In reality, the formula for creating a splitting decision is the same for CART as RandomForest, the key difference is that RandomForest creates numerous decision trees sacrificing interpretability for increased predictive power.

5. Model Building With Random Forests

After performing our variable exploration, univariate and bivarate analysis I feel comfortable moving on to building a Random Forest classifier using our data set. Without any model tuning, the algorithm provides the following confusion matrix:

State Predicted: Not Admitted Predicted: Admitted Model Error
Not Admitted ("0") 4240 308 6.7%
Admitted ("1") 716 1240 36.6%
Use Error 14.5% 19.9% Overall Error = 15.7%

We have created a collection or ”forest” featuring 500 decision trees. In this scenario we have not tuned our parameters and we will accept the default values for priors, this will serve as our baseline model which we can improve upon by tuning priors. The Out of Bag estimate for error rate provided is 15.7%. We also note that our model is under predicting the number of students which should be classified as being admitted (our model predicts 23.8% of students will be admitted but we know from our univariate analysis in section 2.2 that the admit rate should be closer to 31%).
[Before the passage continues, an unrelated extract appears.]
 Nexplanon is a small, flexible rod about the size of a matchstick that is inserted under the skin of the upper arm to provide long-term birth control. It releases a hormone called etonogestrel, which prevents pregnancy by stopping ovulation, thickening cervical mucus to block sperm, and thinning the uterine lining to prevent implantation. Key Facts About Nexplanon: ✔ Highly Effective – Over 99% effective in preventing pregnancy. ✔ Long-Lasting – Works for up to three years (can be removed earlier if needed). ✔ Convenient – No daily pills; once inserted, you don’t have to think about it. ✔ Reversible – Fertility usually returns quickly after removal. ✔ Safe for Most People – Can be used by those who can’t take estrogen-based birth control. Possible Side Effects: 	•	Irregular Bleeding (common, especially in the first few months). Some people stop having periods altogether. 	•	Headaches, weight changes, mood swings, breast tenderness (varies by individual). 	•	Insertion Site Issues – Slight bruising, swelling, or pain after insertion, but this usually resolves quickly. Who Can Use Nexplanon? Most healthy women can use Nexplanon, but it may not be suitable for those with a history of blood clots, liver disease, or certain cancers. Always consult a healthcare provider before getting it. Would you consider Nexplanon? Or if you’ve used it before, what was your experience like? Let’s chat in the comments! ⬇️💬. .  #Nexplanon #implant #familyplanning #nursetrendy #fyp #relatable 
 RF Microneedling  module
5.1 Calling Random Forests

#-----MODEL BUILDING: RANDOM FORESTS CALL-----
library(randomForest)
# random forests
rf1<-randomForest(admit~.,
              data=data,importance=T, na.action=na.fail, ntree=500)
rf1

5.2 Model Tuning

To correct for the algorithm under predicting the total number of students admitted we introduce priors and assign a cost ratio of 3 to 1. What this means is that we are giving the algorithm ”slack” while predicting whether a student is admitted and tightening our threshold for predicting whether someone is not admitted. After this modification we would expect a false positive rate 3 times greater than a false negative rate.

The reason for selecting this ratio is because it seems more costly to fail to predict when someone is admitted compared to the scenario in which a student is classified as being admitted but was actually not.After running our entire data set through the randomForest() algorithm and setting our cost ration equal to 3 to 1, we arrive at the confusion matrix below:

State Predicted: Not Admitted Predicted: Admitted Model Error
Not Admitted ("0") 3536 1012 22.2%
Admitted ("1") 294 1662 15%
Use Error 7.7% 37.9% Overall Error = 20%

Notice how the forecasted total number of students admitted went up, increasing the use error but decreasing the model error.

5.3 Model Evaluation

As we see from the plot below the most important variables for predicting whether a student is admitted to this university are those related to academic achievement. For example, Weighted GPA, SAT Math and SAT Verbal Scores explain the most variance within the dataset for our model. While factors like income and race contributed to the accuracy, their effect was less pronounced in our model.

var_importance

We created partial dependency plots for each of our quantitative variables. The plots for weighted GPA begins to increase at 2.0 and peak around 3.5 meaning that values of weighted GPA between 3 and 3.5 tend to predict ”Admitted = True” strongly. For both SAT verbal and SAT Math scores we see a similar trend. The odds of being admitted increase as levels of income reach above $90,000, see the partial dependency plots below for more details:

partial_dependency

5.4 Conclusion

Through this analysis we have gained a deeper understanding into the data behind college admissions. By analyzing the variables available to us we were able to determine that variables related to scholastic performance are much better for predicting the admittance rate of an individual student when compared with socioeconomic and racial factors. We tuned our model to a 3 to 1 cost ratio for false positives and false negatives, meaning we penalized the model by a factor of 3 to 1 when predicting whether a student was accepted. Initially the baseline model produced too many false negatives which was something I had not anticipated. For future analysis I would like to have a larger dataset which includes more than 1 university.